El Niño debe llamarse Jesús —Yehoshu‘a, «el Señor salva»—, «porque él salvará a su pueblo de sus pecados» (v. 21). En el contexto del Antiguo Testamento, salvar al pueblo significaba liberarlo de los enemigos; tras el destierro, como se lee en el libro de Isaías, se entendía también como la restauración de Israel como Reino de Dios, una vez que sus pecados hubieran sido expiados. Como el ángel, también Jesús, en la Última Cena (26,28), afirma que por su obra se perdonan los pecados: «Jesús es el nombre propio del que es Dios y hombre, el cual significa Salvador, y no le fue impuesto casualmente ni por disposición humana, sino por consejo y mandato de Dios» (Catechismus Romanus 1,3,5). Todos los nombres profetizados en el Antiguo Testamento para el Hijo de Dios se pueden referir a éste, porque «mientras los demás se referían a algún aspecto de la salvación que se nos había de dar, éste compendia en sí mismo la realidad y la causa de la salvación de todos los hombres» (ibidem 1,3,6).
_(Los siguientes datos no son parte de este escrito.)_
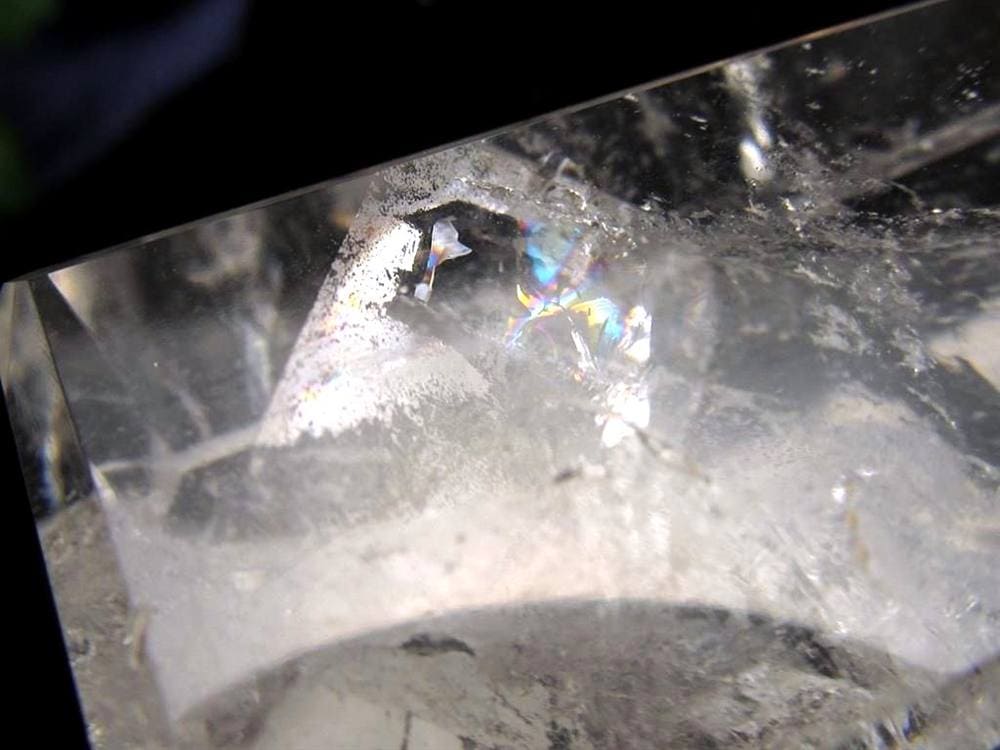 オベリスク インテリア ポイント クリスタル 水晶 浄化 誕生石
«Todo esto ha ocurrido…» (v. 22). Con la cita de cumplimiento del oráculo de Isaías, el evangelista vuelve a reafirmar la virginidad de Santa María y la divinidad de Jesús. El prodigio más asombroso se ha realizado gracias a la fe rendida de dos criaturas admirables, María y José: «Querría yo persuadir a todos fuesen devotos de este glorioso Santo, por la gran experiencia que tengo de los bienes que alcanza de Dios. (…) Que no sé cómo se puede pensar en la Reina de los ángeles en el tiempo que tanto pasó con el Niño Jesús, que no den gracias a San José por lo bien que les ayudó en ellos. Quien no hallare maestro que le enseñe oración, tome este glorioso Santo por maestro y no errará en el camino» (Sta. Teresa de Jesús, Vida 6,7-8).

«Emmanuel» (v. 23). Cristo es verdaderamente Dios–con–nosotros no sólo por su misión divina sino porque es Dios hecho hombre (cfr Jn 1,14). No quiere decir que Jesucristo haya de ser normalmente llamado Emmanuel: este nombre se refiere más directamente a su misterio de Verbo Encarnado.

«Sin que la hubiera conocido» (v. 25). La Neovulgata traduce et non cognoscebat eam, donec peperit filium, siguiendo el texto griego. La versión literal de donec sería: «hasta que». Esta partícula (en griego, heos) indica de por sí lo que ha ocurrido hasta el momento, en nuestro caso, la concepción virginal de Jesús, prescindiendo de la situación posterior. Encontramos la misma partícula en Jn 9,18, donde se dice que los fariseos no creyeron en el milagro de la curación del ciego de nacimiento «hasta que» llamaron a los padres de éste; sin embargo, tampoco creyeron después. La Iglesia enseña la virginidad perpetua de María (cfr Catecismo de la Iglesia Católica, n. 498), «de aquella que había de permanecer virgen antes del parto, en el parto y después del parto; aquella que, de un modo único y excepcional, cultivaría siempre la virginidad en su mente, en su alma y en su cuerpo» (S. Juan Damasceno, Sermo 6 in nativitatem virginis Mariae 5). cfr notas a Lc 1,26-38 y 2,1-7.